On the Q section, I do spend 3 or 4 minutes on some questions but less than a minute on many others, so the mean always comes down to about 2 minutes per question.
Have you actually tracked your performance data? How often do you answer a question in less than a minute and get it wrong? (Of course, if you knew you couldn't do it and just guessed randomly, that's fine. I'm talking about ones that you thought you were getting right.) How often do you spend 4 minutes on a question and actually get it right?
I look at student test results nearly every day and it's rare for anyone to answer more than 50% of 3-minute-plus questions correctly. Most of the time it's less than 40%. So if you're already getting most of those wrong, why spend all that extra time? All you're doing is giving yourself chances to make careless mistakes on other questions elsewhere in the section. (And, most of the time, I find exactly that. If you have any questions under about 1.5m that you thought you were getting right but you got them wrong - that's what your extra time on the 3+ minute questions cost you.)
Look at the data; maybe you're the exception. But I'll tell you that I usually only find one or two exceptions a
year. Other than that, all of the 3m+ people boil down to this: you lose a bunch of time on a subset of questions but you don't actually lift your performance much with those questions, and then you miss other questions because you're rushing, and those ones actually do pull down your performance.
I tend to answer all questions in exactly 75 minutes comfortably without rushing or panicking.
I talk to people every day who tell me they don't have timing problems and who tell me they finish their sections in time (and they're not wrong - they do actually finish in time). Then I look at their data and they do in fact have timing problems.
So just check it out. :)
However, I am seriously considering taking ALL FOUR SECTIONS together in my future practice tests and I'll see how it goes.
Yes, you need to do this. Your score might take a hit initially (as it did on this last GMATPrep), but you want to be working from the bottom up to the top, not up and down and up and down. Plus, you need to start building that mental stamina now - it takes time.
I am very good at eliminating 3 out of 5 answer choices, but when faced up with the remaining two choices, I often end up choosing the wrong one.
When going over a problem (after you've finished it), ask yourself:
1) why was the wrong answer so tempting? why did it look like it might be right? (be as explicit as possible; also, now you know this is not a good reason to pick an answer)
2) why did the right answer seem wrong? what made it so tempting to cross off the right answer? why were those things actually okay; what was my error in thinking that they were wrong? (also, now you know that this is not a good reason to eliminate an answer)
Are you hoping to get the score on the first test but planning the second test just in case?

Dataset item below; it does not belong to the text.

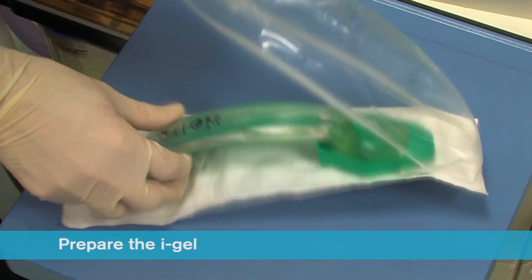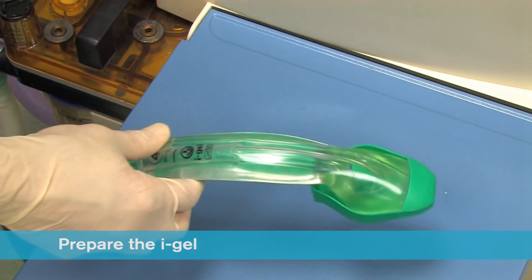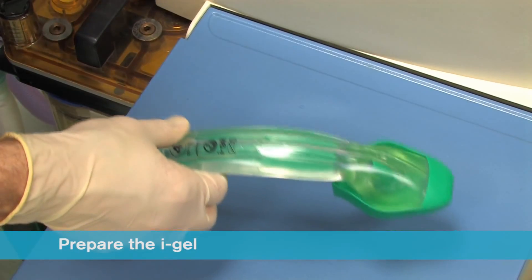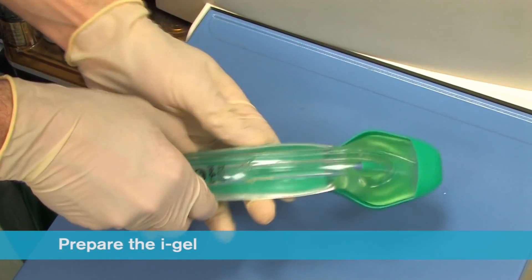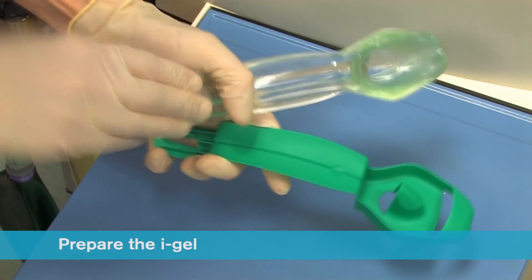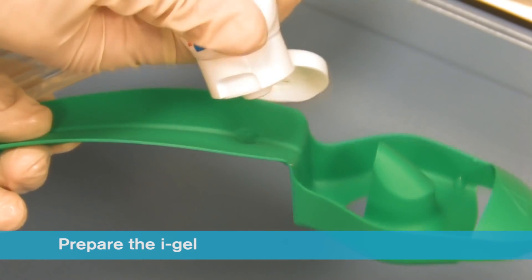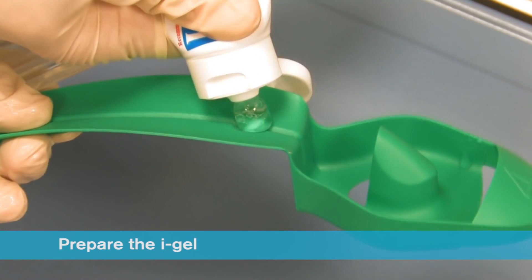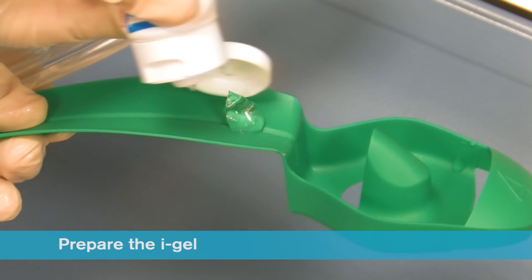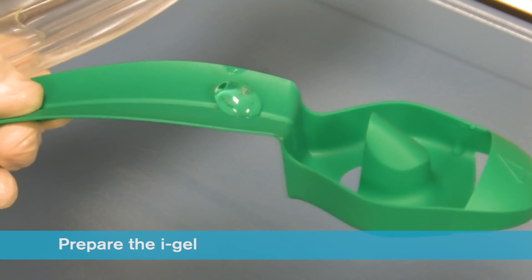Ensuring that you conform to local policy for hygiene, open the iGel package and on a flat surface take out the protective cradle or cage pack containing the device. In the final minute of pre-oxygenation, remove the iGel and place a small bolus of a water-based lubricant such as KY Jelly onto the middle of the smooth surface of the cradle or cage pack in preparation for lubrication. Do not use silicone based lubricants.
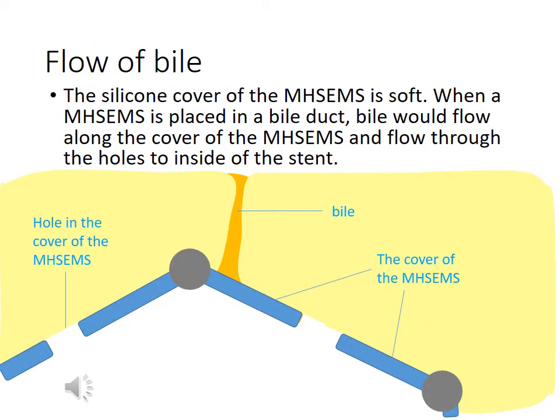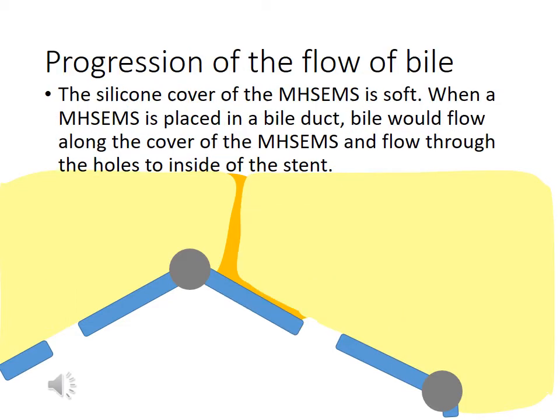We show an illustration of a multi-hole stand that has been inserted in a bile duct. The silicone cover of the multi-hole stand is soft and elastic. Therefore, when the multi-hole stand has been inserted in a bile duct, bile will flow along the outside of the cover and flow through the holes into the inside of the stand.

Or are you using the first test as a "practice run" and planning to make the second test the "real" test? (And, of course, if you get what you want the first time around, that's just a bonus!)
If the former, then don't hold yourself to a hard deadline yet - you may need to adjust based on how your progress goes. If the latter, then take the first test whenever you feel ready to have your practice run, but don't hold yourself to a hard deadline for the 2nd test until after you see how that goes.**
** Note: all of this assumes that you don't have a specific deadline at the end of November. If you do, then you've got to work within the deadlines, obviously.